**Work to be completed:** Copying exactly, give the lines in the material below from the one with "100 Years of Black Excellence Tee" to the one with "Spiegelglas, Außenspiegel rechts OLSA Aftermarket 75403 Bild", ends included, and nothing besides.

**Material supplied:**
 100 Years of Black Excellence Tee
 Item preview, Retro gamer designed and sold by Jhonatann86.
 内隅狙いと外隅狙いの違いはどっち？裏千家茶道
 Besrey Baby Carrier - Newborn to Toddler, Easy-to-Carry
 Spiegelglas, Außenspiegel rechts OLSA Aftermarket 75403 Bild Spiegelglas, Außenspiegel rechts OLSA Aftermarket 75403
---
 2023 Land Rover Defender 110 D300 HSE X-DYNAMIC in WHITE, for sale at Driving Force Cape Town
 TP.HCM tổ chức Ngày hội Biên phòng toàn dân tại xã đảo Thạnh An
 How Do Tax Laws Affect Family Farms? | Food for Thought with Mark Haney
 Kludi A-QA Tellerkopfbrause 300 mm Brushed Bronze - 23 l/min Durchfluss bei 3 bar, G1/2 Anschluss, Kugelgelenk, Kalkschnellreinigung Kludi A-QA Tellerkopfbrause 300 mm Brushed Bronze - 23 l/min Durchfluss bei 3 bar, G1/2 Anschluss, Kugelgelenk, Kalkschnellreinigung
--
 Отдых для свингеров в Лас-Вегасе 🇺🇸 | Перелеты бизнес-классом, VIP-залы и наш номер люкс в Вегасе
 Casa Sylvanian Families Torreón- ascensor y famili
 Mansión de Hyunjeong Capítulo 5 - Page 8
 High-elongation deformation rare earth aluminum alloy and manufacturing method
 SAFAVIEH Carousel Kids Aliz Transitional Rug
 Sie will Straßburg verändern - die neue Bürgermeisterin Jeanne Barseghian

**Result below:**
 100 Years of Black Excellence Tee
 Item preview, Retro gamer designed and sold by Jhonatann86.
 内隅狙いと外隅狙いの違いはどっち？裏千家茶道
 Besrey Baby Carrier - Newborn to Toddler, Easy-to-Carry
 Spiegelglas, Außenspiegel rechts OLSA Aftermarket 75403 Bild Spiegelglas, Außenspiegel rechts OLSA Aftermarket 75403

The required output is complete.